Swieto Dziekczynienia w Fairfield, IA- obiad u B

O 5:10 rano bylam w Chicago.






O 8:10 rano wylecialam z Chicago do Moline, IL
W Moline czekala juz na mnie M.
Nie potrafie opisac, jak bardzo ciesze sie z naszego spotkania. Nie widzialysmy sie prawie 2 lata.
Usciskalysmy sie, ucalowalysmy i udalysmy do samochodu. Czekaly nas jeszcze 2 godziny jazdy.
Widok pol, lak, pasacych sie krow, dzialal kojaco na moje oczy. Jazda samochodem po autostradzie w Iowa drastycznie rozni sie od jazdy w Californi. W Iowa samochody mijaja nas rzadko, w Californi wielokilometrowe korki sa na porzadku dziennym. Monochromatyczne krajobrazy Iowa relaksuja, w Californi bombarduja nas znaki, billboardy, swiatla, dzwieki... Juz sama dwugodzinna jazda z M dala mi odpoczac.
Okolo godziny 11:30 rano zajechalysmy do domu MF i GF, mamy M oraz jej meza, gdzie spedzilismy na rozmowach cudowne kilka godzin.
Wypilam organic soy chai latte zaparzony przez MF, odpoczelam, wzielam prysznic i wszyscy razem udalismy sie do restauracji na lunch, a potem do domu M i jej chlopaka A.
Wreszcie mialam okazje poznac synka M i A, uroczego poltorarocznego chlopczyka.
Nie zdawalam sobie sprawy, ze dzieci w tym wieku tak duzo rozumieja!
Okolo 5 po poludniu zmeczenie wreszcie dalo o sobie znac, i zasnelam snem kamiennym na sofie.
Wieczorem udalismy sie na wspanialy, swiateczny obiad do BF, taty M. Znow mialam okazje zobaczyc dawnych znajomych oraz zjesc prawdziwe pysznosci (BF swietnie gotuje).
Ludzie w Ameryce czesto zmieniaja miejsce zamieszkania.

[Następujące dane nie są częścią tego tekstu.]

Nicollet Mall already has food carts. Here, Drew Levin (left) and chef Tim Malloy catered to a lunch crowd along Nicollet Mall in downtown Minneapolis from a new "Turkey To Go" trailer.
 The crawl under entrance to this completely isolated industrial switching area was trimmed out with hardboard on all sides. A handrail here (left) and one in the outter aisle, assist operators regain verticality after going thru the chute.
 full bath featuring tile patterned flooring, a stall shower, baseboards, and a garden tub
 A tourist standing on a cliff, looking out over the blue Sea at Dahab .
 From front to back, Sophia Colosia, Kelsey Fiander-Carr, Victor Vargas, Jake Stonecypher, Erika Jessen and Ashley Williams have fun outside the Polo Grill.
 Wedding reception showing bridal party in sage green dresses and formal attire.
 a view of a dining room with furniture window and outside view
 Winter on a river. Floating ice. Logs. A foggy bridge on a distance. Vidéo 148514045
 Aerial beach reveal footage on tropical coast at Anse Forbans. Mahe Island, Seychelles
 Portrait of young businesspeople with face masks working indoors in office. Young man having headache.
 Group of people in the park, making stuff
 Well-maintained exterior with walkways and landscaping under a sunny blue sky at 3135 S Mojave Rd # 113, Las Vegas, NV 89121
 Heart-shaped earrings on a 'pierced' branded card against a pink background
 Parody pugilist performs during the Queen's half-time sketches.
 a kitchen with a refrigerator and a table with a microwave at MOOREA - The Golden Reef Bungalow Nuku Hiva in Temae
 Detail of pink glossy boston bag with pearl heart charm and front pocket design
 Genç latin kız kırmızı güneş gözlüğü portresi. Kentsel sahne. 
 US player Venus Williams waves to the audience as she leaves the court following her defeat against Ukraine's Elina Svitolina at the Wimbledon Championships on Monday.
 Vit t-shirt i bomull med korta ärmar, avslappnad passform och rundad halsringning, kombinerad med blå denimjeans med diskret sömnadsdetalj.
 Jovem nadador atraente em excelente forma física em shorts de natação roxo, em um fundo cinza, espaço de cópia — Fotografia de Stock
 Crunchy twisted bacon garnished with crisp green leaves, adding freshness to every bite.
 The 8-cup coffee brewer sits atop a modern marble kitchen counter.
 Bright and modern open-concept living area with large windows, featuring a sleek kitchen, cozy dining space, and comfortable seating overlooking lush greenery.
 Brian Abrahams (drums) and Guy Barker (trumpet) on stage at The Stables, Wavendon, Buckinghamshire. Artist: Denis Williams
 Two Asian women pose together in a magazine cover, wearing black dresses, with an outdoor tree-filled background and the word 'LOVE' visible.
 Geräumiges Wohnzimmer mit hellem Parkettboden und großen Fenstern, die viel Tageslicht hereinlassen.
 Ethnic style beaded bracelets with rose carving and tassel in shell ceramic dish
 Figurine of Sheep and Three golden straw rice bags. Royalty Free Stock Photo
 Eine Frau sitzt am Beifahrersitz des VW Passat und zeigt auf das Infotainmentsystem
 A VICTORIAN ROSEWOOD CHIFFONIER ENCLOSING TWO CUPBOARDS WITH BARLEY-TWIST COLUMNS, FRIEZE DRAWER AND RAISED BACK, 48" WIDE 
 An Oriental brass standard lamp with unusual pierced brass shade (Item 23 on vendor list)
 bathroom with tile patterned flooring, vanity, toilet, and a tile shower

Ja rowniez bylam zmuszona do takiego kroku. Musialam zostawic za soba moje dotychczasowe zycie i wspanialych przyjaciol. Nie dzwonimy do siebie tak czesto, jak na poczatku. Kazdy z nas ma swoje sprawy, prace, M ma dziecko.
Ktos mi kiedys powiedzial, ze prawdziwi przyjaciele to ludzie, z ktorymi, podczas spotkania po latach, mamy dokladnie takie same relacje, jak przed wyjazdem.
Moje relacje z M, jej mama, mezem jej mamy, nie zmienily sie nic. Wieczorem mialam okazje przekonac sie, ze taka sama sytuacja jest ze wszystkimi moimi przyjaciolmi z Fairfield. Jestesmy tak samo blisko, jak bylismy 2 lata temu. Niesamowite.